国際的な受賞は60以上、回顧上映も30カ国に達している。昨年10月のブラチスラバ・アニメーション・ビエンナーレスロバキア)では日本人として初の特別賞を受賞し、作品上映やパネル展示のほか、記念講演も行われた。研究者、批評家としても、海外のアニメーション映画祭の審査員に12回も招かれている。3回は審査委員長だ。

「作家を目指す人は自分で勉強するでしょうが伸び悩む人も多い。自分の制作に影響が出るかもしれないと躊躇(ちゅうちょ)しましたがきちんとした教育機関で若者を育てたいとも思った」

山村さんは教授を引き受けた理由をこう説明する。アニメーション専攻の学生は16人。1年生の後半からはゼミ形式となる。2年間で修了作品をつくるのが目標だが、演出などの実技指導に加え、歴史や各国の作家など世界の事情も教える。「評論のすそ野を広げたい」という思いがあるからだ。

制作面では、キャラクター主体の「マンガアニメ」を含むアニメーションの各分野で、日本人が世界的な活躍をしている。

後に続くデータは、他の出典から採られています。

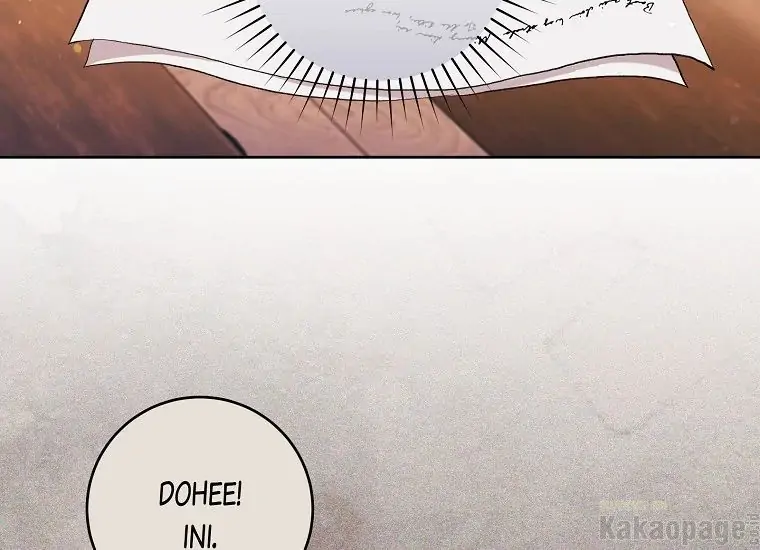 The Perks of Being a Villainess Chapter 17 Gambar 101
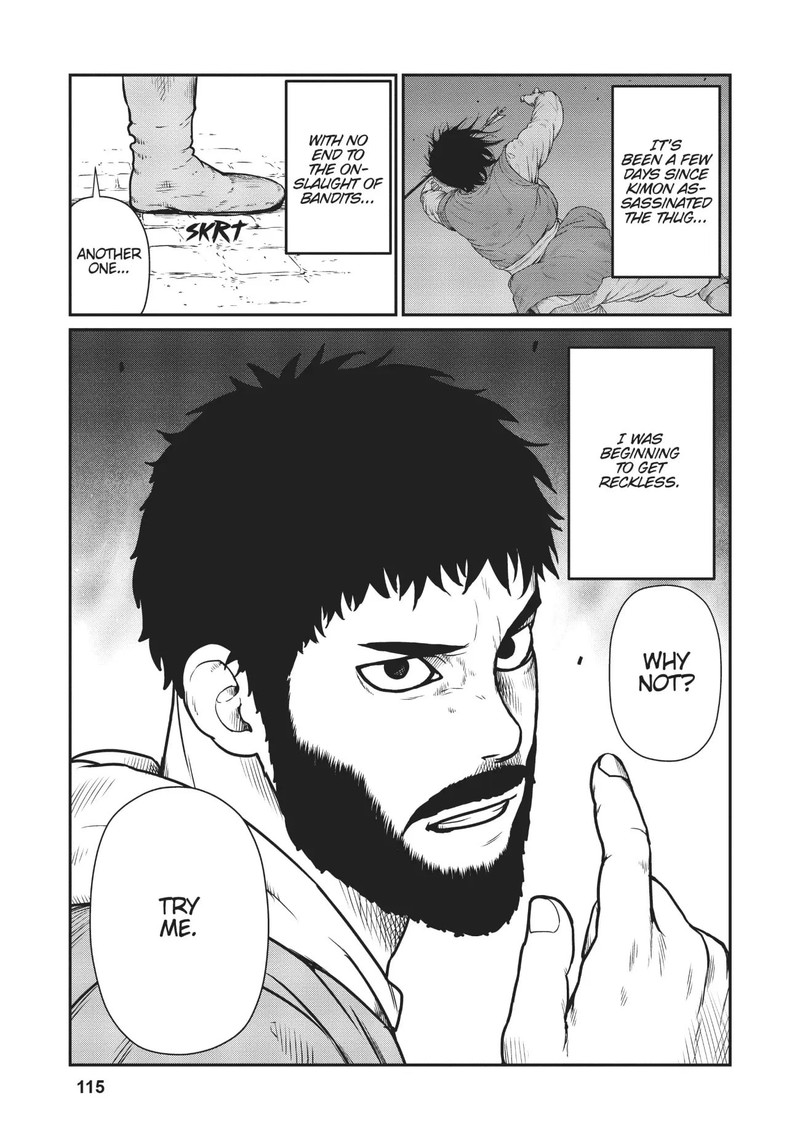 Yajin Tensei Karate Survivor In Another World 17 3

だが、表現豊かな広義のアニメーションの状況を理解し、歴史と作品を語れる人は意外と少ない。アニメ評論といえば「萌(も)え」や「オタク」文化などの社会現象かキャラクター論になりがちだ。山村さんがこだわる短編アニメーションの世界になると、ほとんどいない。大学院の専攻案内には「アニメーションをとらえ直す批評的営為が、日本だけでなく世界的に必要」と書かれていた。